相続時精算課税制度とは、2,500万円までの価格を限度に贈与を受ける者に対し贈与税が課税されることなく贈与できる生前贈与の方法です。

この制度を適用することで、どのようなメリットがあるのか確認しておきましょう。制度の内容についてよく理解したうえで、自分にとって向いているかどうかを考える必要が出てきます。

そこで「詳細なメリットを知ったうえで相続時精算課税制度を利用するか検討したい」と考えている方のため、メリットをご紹介します。自分にとってメリットと感じる部分が大きければ相続時精算課税制度がどのような人にとってメリットがあるのかがわかり、制度を利用するかどうか選択しやすくなるでしょう。

相続時精算課税制度の概要

相続時精算課税制度について簡単におさらいしておきましょう。

相続時精算課税制度とは60歳以上の祖父母から18歳以上(成人年齢引き下げにより、20歳以上から18歳以上に変更)の子や孫に対し、相続時精算課税制度を利用することで、最大2,500万円以内の生前贈与で条件にあえば、贈与税の対象ではなく、相続税の対象とするものです。2,500万円を超過する場合は一律20%の税率で課税されます。

配偶者に贈与をする場合はこの制度を利用することはできませんが、配偶者が相続する場合は特別控除を使うことで相続時に1億6,000万円または法定相続割合までは納税する税額が0円となる、大きな控除があり、多くの場合相続税がかかりません。

相続時精算課税制度を利用した場合は、翌年以降の贈与も相続時精算課税制度の対象となり、累計で2,500万円を超える贈与は一律20%の税率で課税され、暦年贈与制度に戻ることはできませんのでどちらを選択するか選ぶ必要があります。

税制改正により、相続時精算課税制度にも基礎控除が設けられ1月1日から12月31日までの間で1年ごとに110万円までの非課税枠を使うことができます。相続時精算課税制度を選択した場合、暦年贈与のように7年の繰り戻しはありません。繰り戻しは改正前は3年でしたが、税制改正により7年に延長されています。

改正により確実に一定の節税が見込めるようになったため以前より使える制度となっていますので、利用する人は増えるでしょう。一度相続時精算課税制度を選択すると暦年贈与に戻ることはできません。一方で、こどもが一人いる場合で長男は相続時精算課税制度を使い、次男は暦年贈与を使うなど、それぞれ別の制度を使うことは可能です。

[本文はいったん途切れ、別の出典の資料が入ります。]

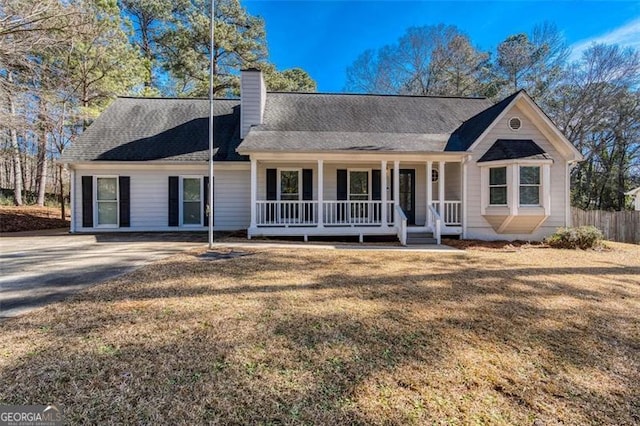 ranch-style home featuring a front yard and a porch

相続時精算課税制度を利用する場合は戸籍などの資料を添付して税務署に申告書を提出する必要があります。年間110万円の範囲で暦年贈与を行う場合は、手続きは不要ですが、相続時精算課税制度を利用する場合は翌年の2月1日から3月15日までに必ず届出が必要です。

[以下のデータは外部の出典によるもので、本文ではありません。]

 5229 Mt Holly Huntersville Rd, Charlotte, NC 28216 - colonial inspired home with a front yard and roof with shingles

相続時精算課税制度は暦年贈与とは違い、書類を提出して届出を行わないと制度を使うことができませんので注意しましょう。

なお、相続時精算課税制度を使った場合も財産が基礎控除の範囲内(3,000万円+法定相続人×600万円)であれば相続税を払う必要はありません。

相続時精算課税制度のメリット

相続時精算課税制度を利用するにあたり、考えられる主なメリットを解説します。

①税金の支払いを先へ延ばせる

通常の贈与を行った場合、贈与時に贈与税を支払わなければなりません。しかし、相続時精算課税制度の場合は2,500万円まで非課税となり、贈与税の課税対象外です。そのため、贈与した時点での税額は0円です。

その後、相続が発生した際には相続時精算課税制度で贈与された分も遺産に含めて相続財産として相続税が課税(精算)されます。つまり、相続発生時まで税金の支払いを先延ばしにできる方法だといえるでしょう。

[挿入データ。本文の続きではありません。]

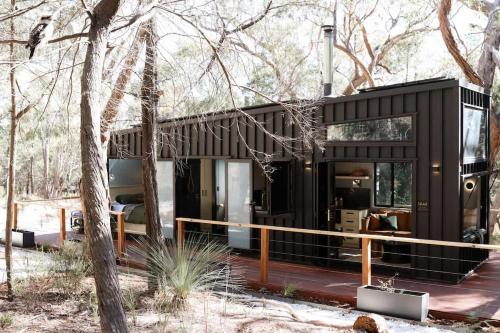 a black house in the woods with trees at SHAK Halls Gap - Off Grid Tiny Home in Halls Gap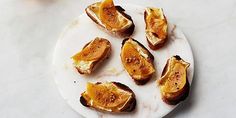 toasted bread topped with orange slices on a white plate next to an orange slice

相続時精算課税制度を利用して、贈与した財産と相続発生時の財産の合計が基礎控除の範囲内であれば、相続税はかかりません。

②節税につながる場合がある

本制度の利用方法によっては、税務的なメリットを得ることができ節税に繋がる可能性もあります。節税に繋がるかどうか考えるうえで重要になるのが、将来的に価値が上がるものの贈与か否かです。

相続時精算課税制度で財産を取得し、その後に相続が発生した場合には、贈与により取得した財産を遺産に加算し相続税の計算をすることになります。贈与する資産は現金などに制限されていません。

この際に遺産に加算する金額は相続開始時ではなく贈与があった時の金額となります。そのため、贈与時はそれほど価値が高くない場合や、一時的に安くなっている場合などでタイミング的に今は低い価格でも将来的に時価の値上がりが期待できる財産の場合には、贈与から相続までの値上がり分を加味しなくていいので、将来の相続税を抑えることが可能となります。逆に将来値下がりする可能性が高い資産を贈与することは避けた方がよいでしょう。

それから、例えば父親が経営しているアパート等の賃貸物件など収益性の高い財産を早い段階で本制度を利用して贈与したとしましょう。この場合、受贈した財産に加えて将来的に発生する家賃収入なども承継されるため、父親の家賃収入による金融資産の増加を抑えることができるます。土地や建物や株式などを贈与した場合、現在の課税価格そのもの以上に相続税の節税に繋がる可能性があります。価値の高い不動産を所有している例では、納税資金が不足し、物納や延納をせざるを得ないようなケースでも早めに贈与をすることで貯めたお金で期限内に納付できるケースもあります。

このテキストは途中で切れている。